Der nächste Punkt betrifft die Selbstfürsorge. Ich sorge dafür, dass der Tank meines Glaubens, meiner Seele und meiner Lebensenergie stets gut gefüllt ist. Auch dafür trägt niemand anders Verantwortung als ich selbst. Alles andere wäre entmündigend und bequem. Es wäre deswegen entmündigend, weil ich nur dann in meinem Glauben fit sein könnte, wenn der Pastor am Sonntag eine perfekt auf mich zugeschnittene Predigt hält. Es wäre deswegen bequem, weil ich natürlich immer einen Schuldigen hätte, wenn es um meine Lebensenergie und um meinen Glauben gerade einmal nicht gut bestellt ist. Aber es ist meine Verantwortung, wenn ich die Bibel links liegen lasse und merke, ich verstehe diesen Gott nicht. Es ist meine Verantwortung, wenn ich das Gespräch mit Gott abbrechen lasse und genauso es ist meine Verantwortung, wenn mein Kalender so dicht gepackt ist, dass Zeiten der Erholung und der Besinnung einfach keinen Raum finden.
Der letzte Punkt betrifft die Selbststeuerung. Es geht darum, dass ich mir in allen meinen Aufgaben, in all meinen Beziehungen und in all den Herausforderungen immer wieder bewusst mache, welche Handlungsoptionen sich mir bieten. Welche Möglichkeiten habe ich, die konkreten Umstände meines Lebens zu gestalten, damit ich wirklich ein selbstverantwortetes und selbstbestimmtes Leben führen kann.
Am Ende des Tages geht es bei diesen Perspektiven allerdings nicht um eine egomane Nabelschau. Nein, die Zielrichtung ist eine grundlegend andere. Du bist Gottes Geschenk an diese Welt. Du bist das Beste, was deinen Mitmenschen hätte passieren können. Wenn du mit diesem Glauben morgens nicht aufstehen kannst, dann solltest du wahrscheinlich besser liegen bleiben. Als Gott den Abraham beruft, sagte er ihm zwei entscheidende Dinge. Als Erstes: Ich will dich segnen. Und als Zweites: Du sollst ein Segen sein.
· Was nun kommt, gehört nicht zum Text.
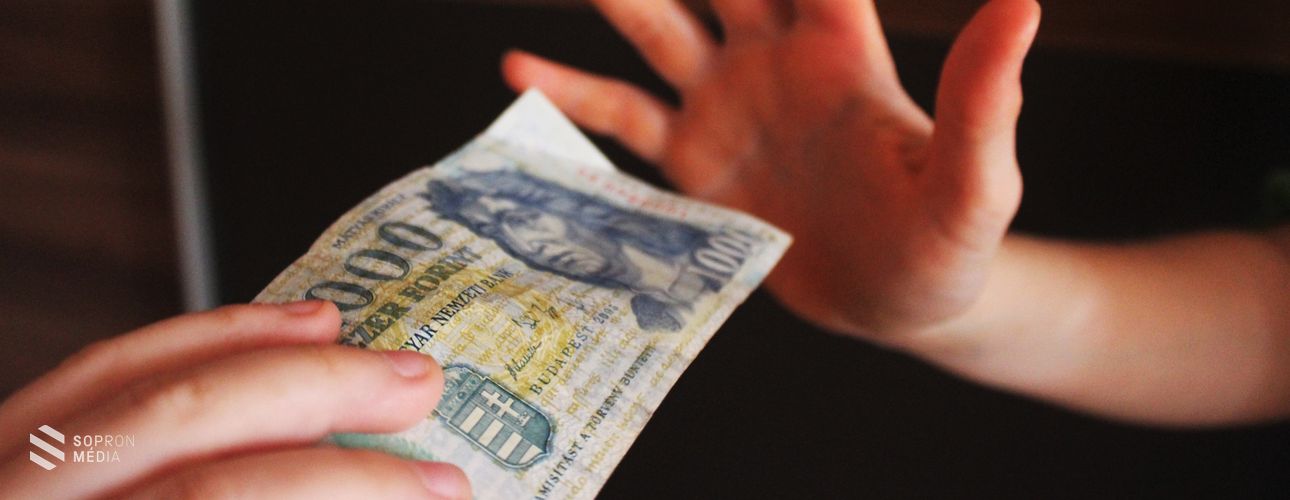 November 1-től már csak az új 1000 forintos bankjegyekkel lehet fizetni 
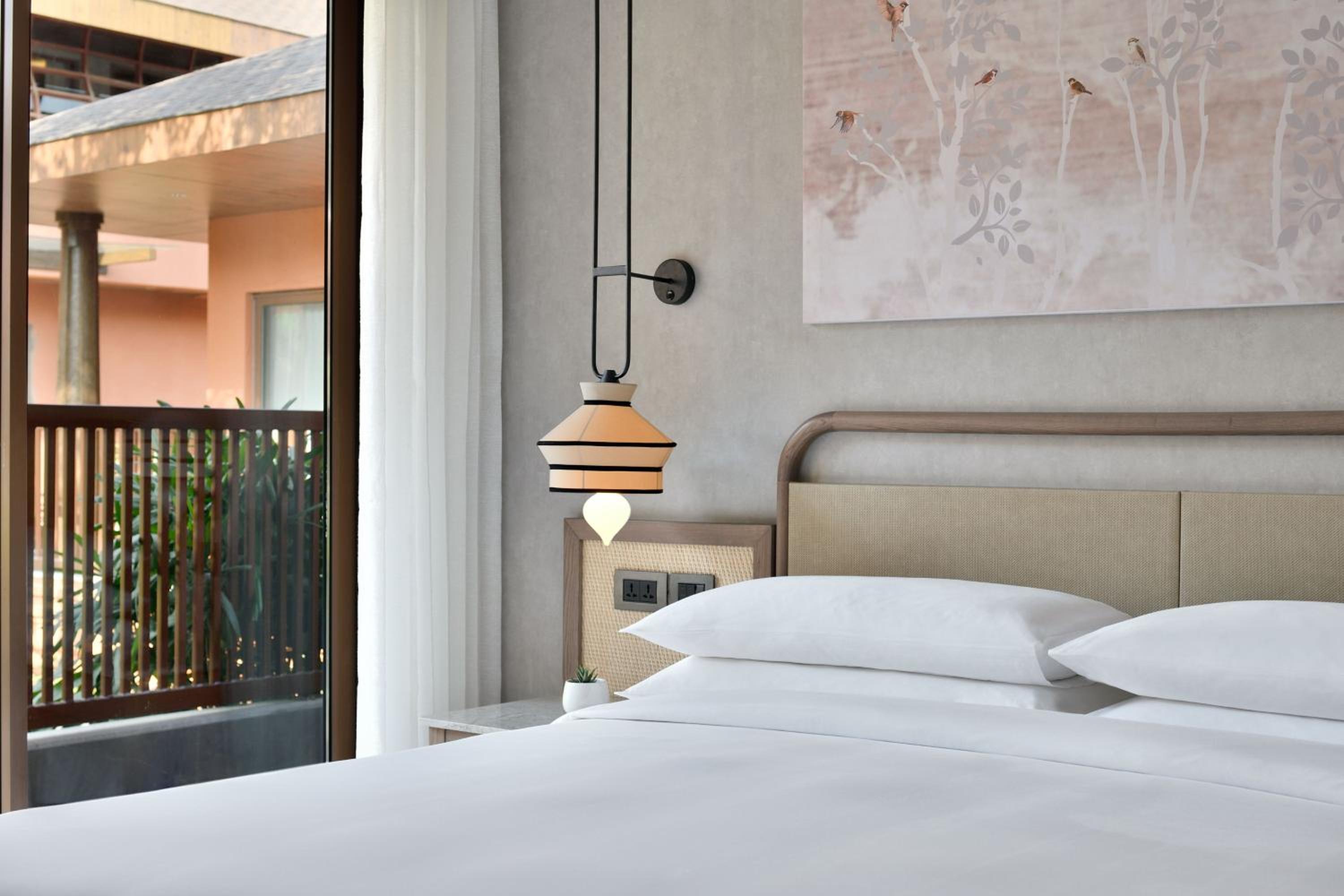 Heritage Queen Room with Balcony and Courtyard View - Photo 7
Das heißt für mich nichts anderes als, dass Gott einem jeden von uns Begabungen und Talente mitgegeben hat, die wir entdecken und entwickeln sollen.
Wann immer wir das tun, wird das, was dabei entsteht zum Segen für unsere Mitmenschen. Es wird denen zum Nutzen werden, mit denen wir unser Leben bewusst gestalten und denen wir im Laufe des Tages begegnen. In diese Perspektive, die Gott uns mitgegeben hat, immer mehr hineinzuwachsen, ist für mich eines der grundlegenden und entscheidenden Dinge, wenn es darum geht, ein sinnvolles und ein erfülltes Leben zu führen.